EXERCISE OBJECTIVE:
Your task is to work out how many lines in the data that follows hold "Fixed" and to state that number alone.

Dataset items:
----

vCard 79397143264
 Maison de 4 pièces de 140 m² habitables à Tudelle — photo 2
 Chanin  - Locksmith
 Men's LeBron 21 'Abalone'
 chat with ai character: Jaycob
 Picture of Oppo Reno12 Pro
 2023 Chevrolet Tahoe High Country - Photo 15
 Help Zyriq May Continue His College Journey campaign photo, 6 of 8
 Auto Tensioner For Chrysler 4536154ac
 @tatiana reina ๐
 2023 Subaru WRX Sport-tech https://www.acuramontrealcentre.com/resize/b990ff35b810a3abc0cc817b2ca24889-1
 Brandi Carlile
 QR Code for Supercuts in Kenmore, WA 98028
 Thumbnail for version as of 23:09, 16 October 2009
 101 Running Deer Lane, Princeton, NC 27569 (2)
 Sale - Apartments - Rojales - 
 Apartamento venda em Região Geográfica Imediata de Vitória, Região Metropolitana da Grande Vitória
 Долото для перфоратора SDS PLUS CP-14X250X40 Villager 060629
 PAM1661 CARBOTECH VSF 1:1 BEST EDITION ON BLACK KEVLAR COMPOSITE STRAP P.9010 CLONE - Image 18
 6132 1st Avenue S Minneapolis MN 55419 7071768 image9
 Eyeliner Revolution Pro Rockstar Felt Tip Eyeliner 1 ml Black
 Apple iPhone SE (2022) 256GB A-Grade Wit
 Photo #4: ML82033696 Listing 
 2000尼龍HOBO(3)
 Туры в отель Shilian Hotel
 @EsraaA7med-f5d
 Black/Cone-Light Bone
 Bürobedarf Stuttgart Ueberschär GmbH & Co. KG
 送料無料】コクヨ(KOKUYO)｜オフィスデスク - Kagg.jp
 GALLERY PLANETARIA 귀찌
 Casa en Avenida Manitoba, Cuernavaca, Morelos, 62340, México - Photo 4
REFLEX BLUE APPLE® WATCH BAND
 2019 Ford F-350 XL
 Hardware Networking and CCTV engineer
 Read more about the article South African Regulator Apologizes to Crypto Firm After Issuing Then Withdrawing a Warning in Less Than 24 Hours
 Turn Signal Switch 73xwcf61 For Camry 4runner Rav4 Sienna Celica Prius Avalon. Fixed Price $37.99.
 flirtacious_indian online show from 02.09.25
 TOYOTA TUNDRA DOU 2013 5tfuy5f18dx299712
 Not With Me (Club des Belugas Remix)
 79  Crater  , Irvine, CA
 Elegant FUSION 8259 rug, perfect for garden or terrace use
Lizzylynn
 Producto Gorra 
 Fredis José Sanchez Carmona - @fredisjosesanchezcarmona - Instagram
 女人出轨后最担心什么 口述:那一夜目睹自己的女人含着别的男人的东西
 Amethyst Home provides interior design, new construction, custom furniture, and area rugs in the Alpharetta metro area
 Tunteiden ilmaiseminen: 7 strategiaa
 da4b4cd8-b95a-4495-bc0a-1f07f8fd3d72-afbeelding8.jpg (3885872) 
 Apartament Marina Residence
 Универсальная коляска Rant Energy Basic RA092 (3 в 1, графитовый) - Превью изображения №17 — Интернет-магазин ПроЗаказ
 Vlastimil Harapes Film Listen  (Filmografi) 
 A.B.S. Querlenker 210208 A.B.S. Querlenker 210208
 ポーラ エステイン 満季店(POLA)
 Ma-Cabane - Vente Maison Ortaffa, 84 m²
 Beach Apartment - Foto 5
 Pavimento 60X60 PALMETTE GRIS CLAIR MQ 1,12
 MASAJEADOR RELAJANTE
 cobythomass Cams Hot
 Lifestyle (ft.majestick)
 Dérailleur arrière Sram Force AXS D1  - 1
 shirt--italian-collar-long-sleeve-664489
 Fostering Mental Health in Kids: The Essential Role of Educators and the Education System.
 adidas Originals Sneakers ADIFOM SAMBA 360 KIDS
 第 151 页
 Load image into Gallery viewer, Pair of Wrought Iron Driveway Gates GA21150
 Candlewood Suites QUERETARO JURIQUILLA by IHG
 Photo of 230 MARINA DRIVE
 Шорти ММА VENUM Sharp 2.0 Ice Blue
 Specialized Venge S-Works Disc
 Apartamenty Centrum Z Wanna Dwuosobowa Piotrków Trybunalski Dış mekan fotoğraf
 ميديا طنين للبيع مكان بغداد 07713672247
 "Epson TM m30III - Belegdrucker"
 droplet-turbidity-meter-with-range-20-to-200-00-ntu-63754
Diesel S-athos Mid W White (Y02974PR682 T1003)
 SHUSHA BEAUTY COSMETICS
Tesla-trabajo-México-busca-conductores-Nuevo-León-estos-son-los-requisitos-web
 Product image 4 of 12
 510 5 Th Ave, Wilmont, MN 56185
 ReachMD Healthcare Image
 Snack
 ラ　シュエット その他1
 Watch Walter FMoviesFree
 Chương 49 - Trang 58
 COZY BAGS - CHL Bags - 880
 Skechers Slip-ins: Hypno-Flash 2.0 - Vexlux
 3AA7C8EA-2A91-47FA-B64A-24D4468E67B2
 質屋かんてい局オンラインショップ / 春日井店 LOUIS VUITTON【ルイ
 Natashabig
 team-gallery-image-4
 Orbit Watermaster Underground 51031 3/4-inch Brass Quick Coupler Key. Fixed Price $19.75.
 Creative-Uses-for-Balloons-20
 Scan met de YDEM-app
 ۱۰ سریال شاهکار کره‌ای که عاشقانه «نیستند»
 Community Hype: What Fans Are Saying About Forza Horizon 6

----

RESPONSE:
2